Welcome to Season 14, Episode 3 of Acquired, the podcast about great companies and the stories and playbooks behind them. I'm Ben Gilbert. I'm David Rosenthal. And we are your hosts. They say, David, that as an investor, you can't beat the market or time the market, that you're better off indexing and dollar cost averaging rather than trying to be an active stock picker.

00:00 - 00:00 Ben Gilbert

They say there's no persistence of returns for hedge funds, that this year's big winner can be next year's big loser, and that nobody gets huge outperformance without taking huge risk.

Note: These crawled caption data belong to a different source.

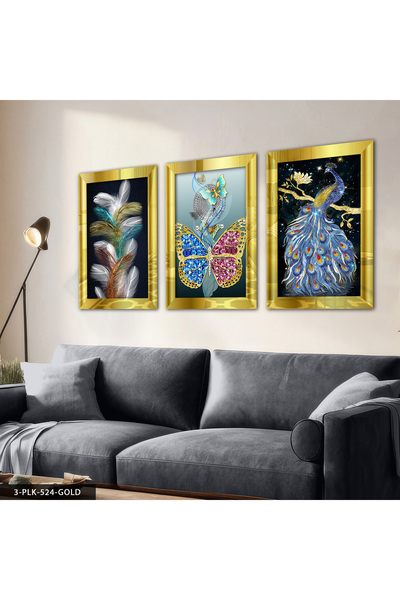 Evinemoda Stočica sa perjem ptice, leptir, zlatni, 3 delna stol sa ogledalom ...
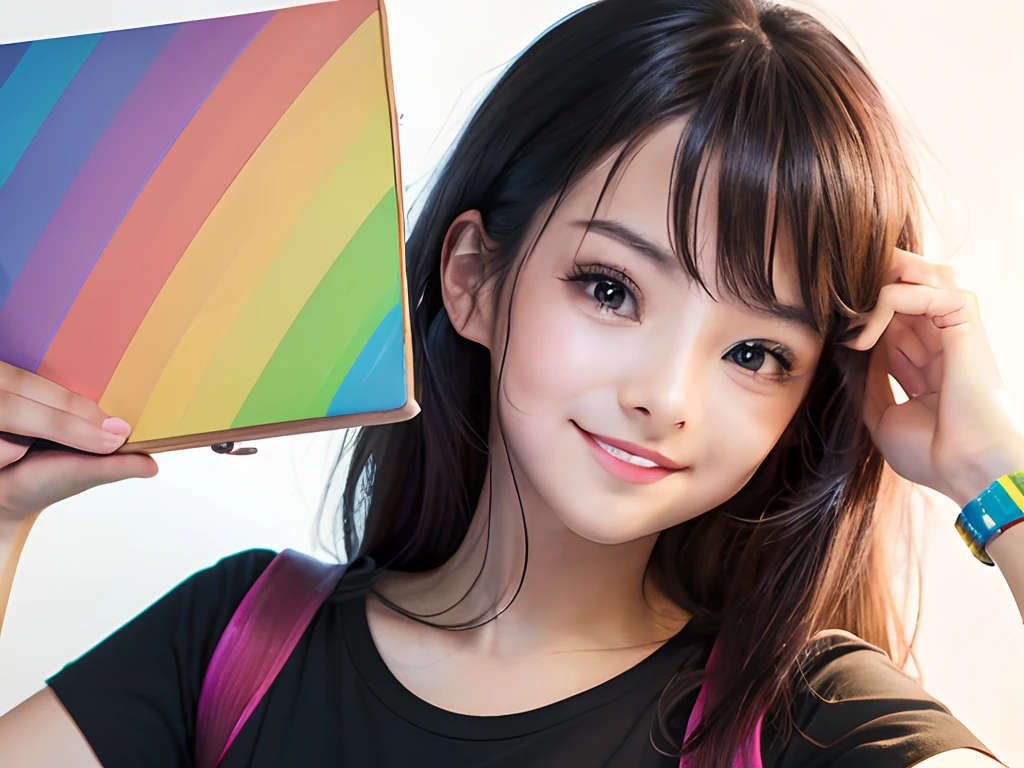 focus on board, rainbow color t-shirt simple backgroud,face viewer ,a pretty girl hold a big square board with two hands before her body to left, leaning her head to left,smile, 8k, detailed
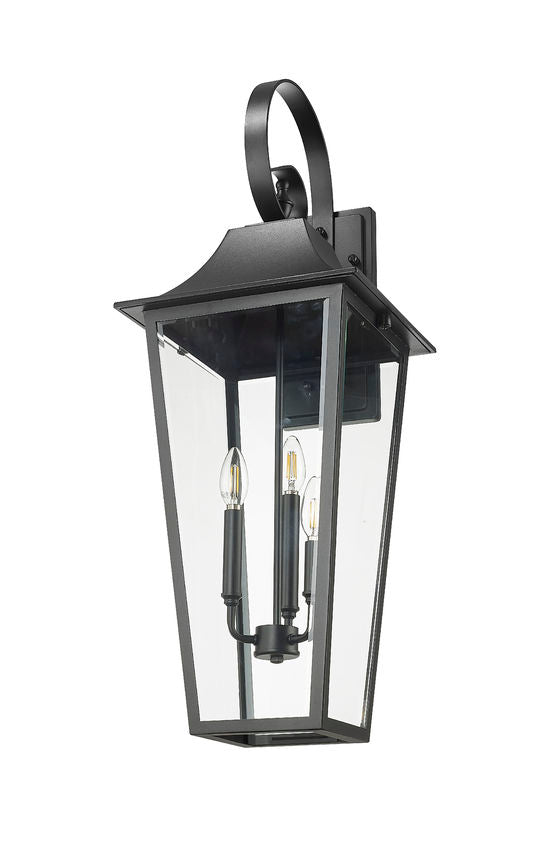 Z-Lite Gannon 12" 3-Light Black Stainless Steel Outdoor Wall Light With Clear Beveled Glass Shade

00:00 - 00:00 David Rosenthal

When I was in college, I actually took an economics class with Burton Malkiel, who, of course, you know, was involved in starting Vanguard and is a big proponent of all that. And that is what I learned, Ben.

00:00 - 00:00 Ben Gilbert

Well, David, it turns out they were wrong. Today, listeners, we tell the story of the best-performing investment firm in history, Renaissance Technologies, or Rentech. Their 30-year track record managing billions of dollars has better returns than anyone you have ever heard of, including Berkshire Hathaway, Bridgewater, George Soros, Peter Lynch, or anyone else. So why haven't you heard of them?

00:00 - 00:00 Ben Gilbert

Or if you have, why don't you know much about them? Well, their eye-popping performance is matched only by their extreme secrecy, and they are unusual in almost every way. Their founder, Jim Simons, worked for the U.S. government in the Cold War as a codebreaker before starting Renaissance.